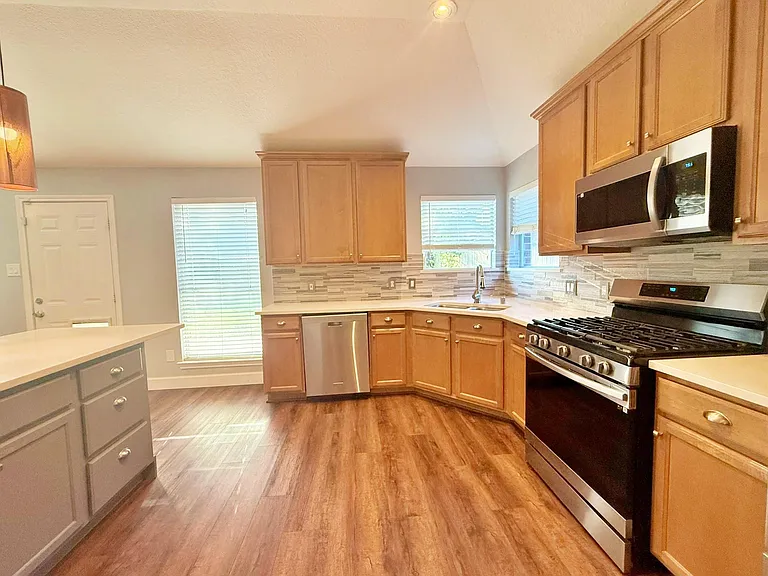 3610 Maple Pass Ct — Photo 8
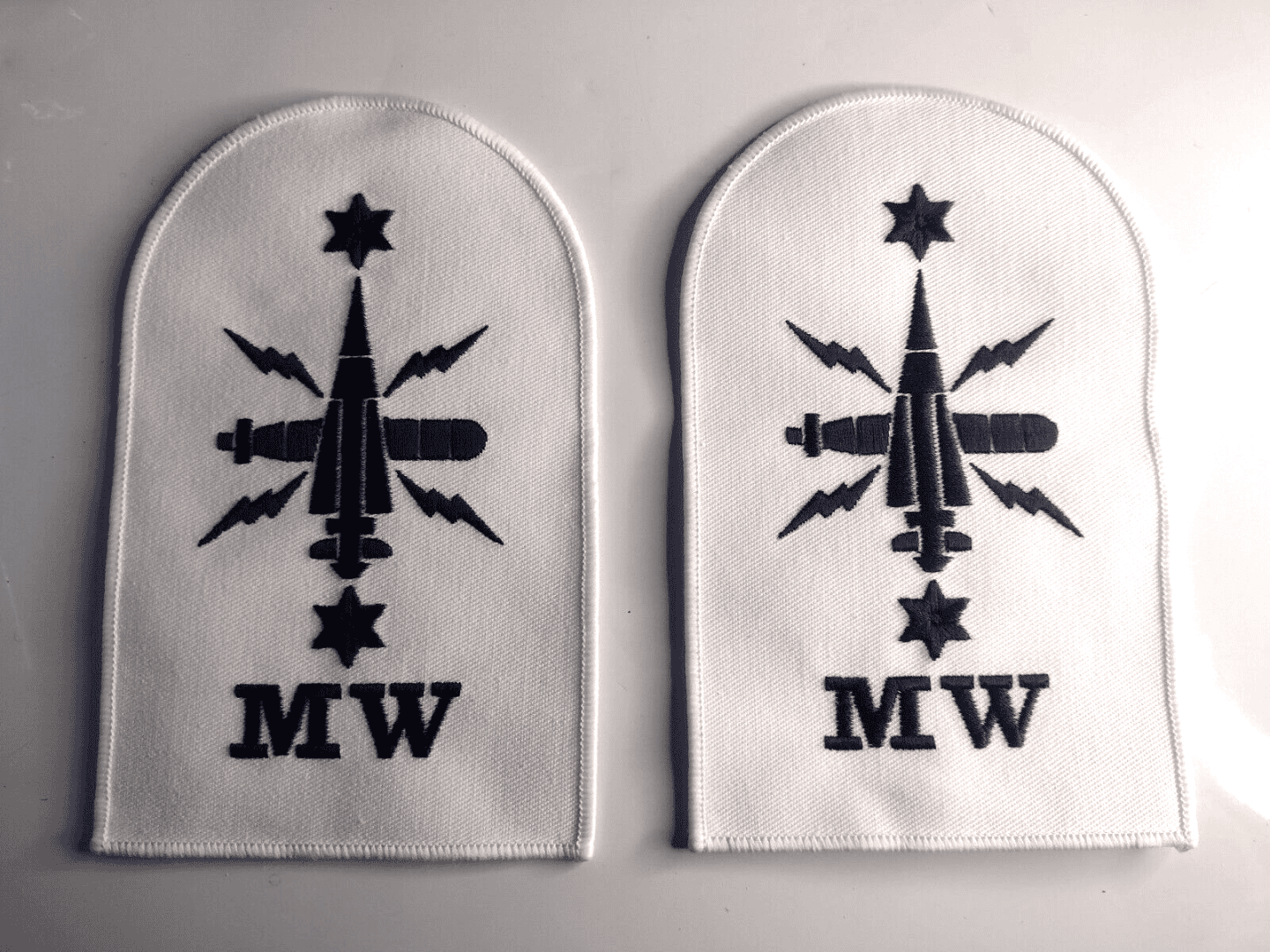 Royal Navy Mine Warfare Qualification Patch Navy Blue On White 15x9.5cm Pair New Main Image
------------------------------------------------------------------------
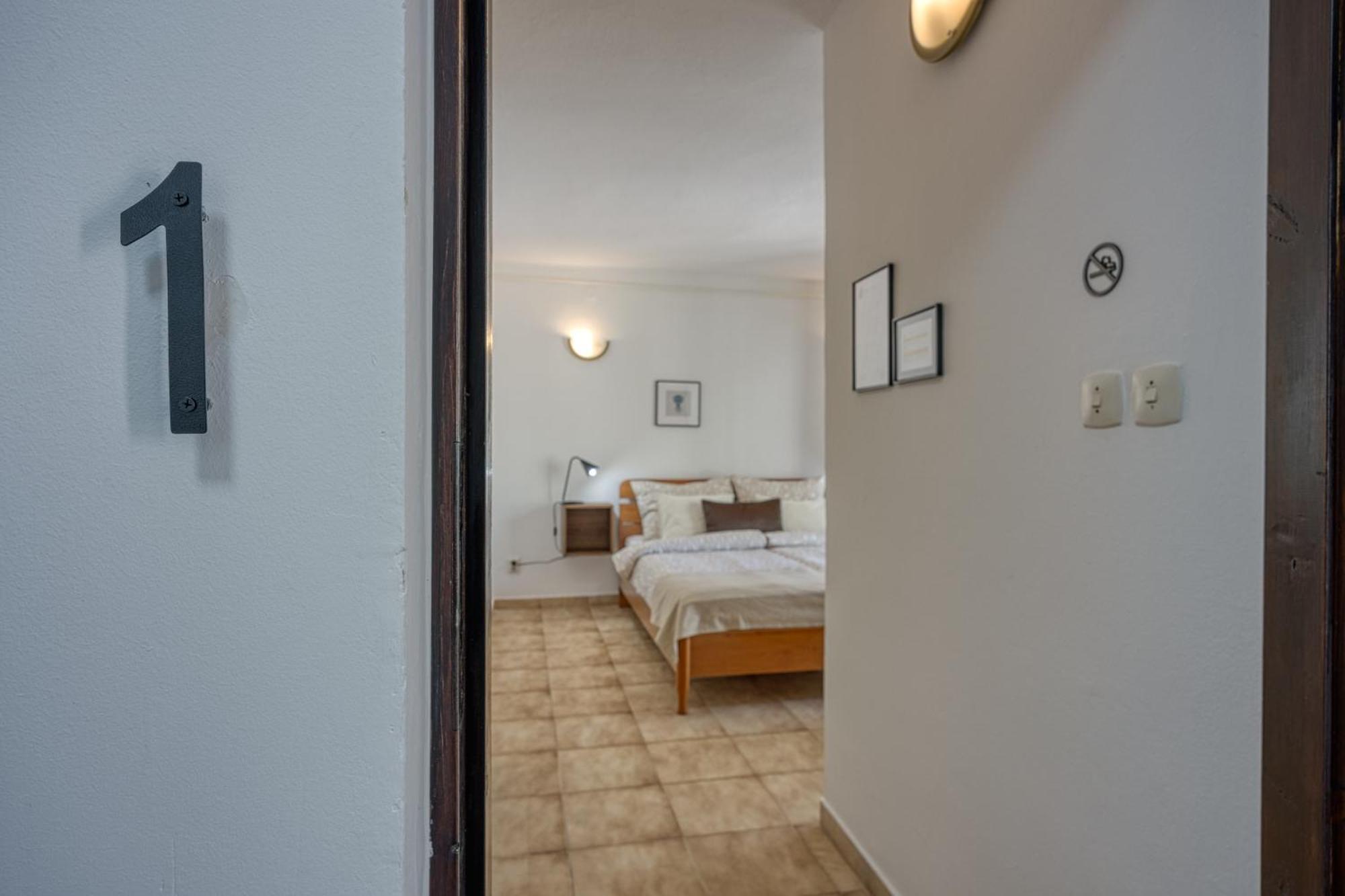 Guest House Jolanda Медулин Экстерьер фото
------------------------------------------------------------------------
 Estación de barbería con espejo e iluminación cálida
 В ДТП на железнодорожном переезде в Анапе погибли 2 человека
------------------------------------------------------------------------
Starting with the line that contains "3610 Maple Pass Ct — Photo 8" and finishing with the line that contains "Royal Navy Mine", reproduce every line of the material above exactly, but not the pictures.

 3610 Maple Pass Ct — Photo 8
 Royal Navy Mine Warfare Qualification Patch Navy Blue On White 15x9.5cm Pair New Main Image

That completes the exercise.